(Beginning of Information shown)
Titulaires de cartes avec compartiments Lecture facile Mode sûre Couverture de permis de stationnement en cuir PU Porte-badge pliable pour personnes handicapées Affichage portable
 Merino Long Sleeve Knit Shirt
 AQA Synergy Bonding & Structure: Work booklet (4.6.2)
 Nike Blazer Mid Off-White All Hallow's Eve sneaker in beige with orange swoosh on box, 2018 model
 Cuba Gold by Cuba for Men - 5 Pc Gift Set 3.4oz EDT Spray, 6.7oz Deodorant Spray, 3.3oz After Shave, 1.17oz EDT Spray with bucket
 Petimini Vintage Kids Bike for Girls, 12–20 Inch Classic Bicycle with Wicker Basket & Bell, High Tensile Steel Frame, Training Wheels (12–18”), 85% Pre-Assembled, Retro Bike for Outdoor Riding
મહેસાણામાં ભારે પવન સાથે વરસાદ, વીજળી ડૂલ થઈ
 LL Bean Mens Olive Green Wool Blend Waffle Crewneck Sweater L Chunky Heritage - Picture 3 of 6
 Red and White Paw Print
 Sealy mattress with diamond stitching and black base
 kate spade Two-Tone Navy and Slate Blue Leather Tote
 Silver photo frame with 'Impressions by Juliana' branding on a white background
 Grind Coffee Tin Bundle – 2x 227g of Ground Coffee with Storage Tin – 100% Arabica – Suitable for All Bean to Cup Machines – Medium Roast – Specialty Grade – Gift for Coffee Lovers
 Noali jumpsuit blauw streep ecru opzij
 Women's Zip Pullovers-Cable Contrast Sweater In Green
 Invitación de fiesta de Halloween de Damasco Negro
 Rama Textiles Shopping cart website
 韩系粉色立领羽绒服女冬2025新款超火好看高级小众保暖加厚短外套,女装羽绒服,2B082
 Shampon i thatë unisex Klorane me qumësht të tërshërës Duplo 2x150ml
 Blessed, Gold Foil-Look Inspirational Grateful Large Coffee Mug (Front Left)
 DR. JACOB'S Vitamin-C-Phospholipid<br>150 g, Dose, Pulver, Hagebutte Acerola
(End of Information shown)
Reproduce exactly the first line of the listing and every line after it, through the one containing "Noali jumpsuit blauw streep ecru opzij". Nothing else belongs in the output.

▶ _Exercise answer_:
Titulaires de cartes avec compartiments Lecture facile Mode sûre Couverture de permis de stationnement en cuir PU Porte-badge pliable pour personnes handicapées Affichage portable
 Merino Long Sleeve Knit Shirt
 AQA Synergy Bonding & Structure: Work booklet (4.6.2)
 Nike Blazer Mid Off-White All Hallow's Eve sneaker in beige with orange swoosh on box, 2018 model
 Cuba Gold by Cuba for Men - 5 Pc Gift Set 3.4oz EDT Spray, 6.7oz Deodorant Spray, 3.3oz After Shave, 1.17oz EDT Spray with bucket
 Petimini Vintage Kids Bike for Girls, 12–20 Inch Classic Bicycle with Wicker Basket & Bell, High Tensile Steel Frame, Training Wheels (12–18”), 85% Pre-Assembled, Retro Bike for Outdoor Riding
મહેસાણામાં ભારે પવન સાથે વરસાદ, વીજળી ડૂલ થઈ
 LL Bean Mens Olive Green Wool Blend Waffle Crewneck Sweater L Chunky Heritage - Picture 3 of 6
 Red and White Paw Print
 Sealy mattress with diamond stitching and black base
 kate spade Two-Tone Navy and Slate Blue Leather Tote
 Silver photo frame with 'Impressions by Juliana' branding on a white background
 Grind Coffee Tin Bundle – 2x 227g of Ground Coffee with Storage Tin – 100% Arabica – Suitable for All Bean to Cup Machines – Medium Roast – Specialty Grade – Gift for Coffee Lovers
 Noali jumpsuit blauw streep ecru opzij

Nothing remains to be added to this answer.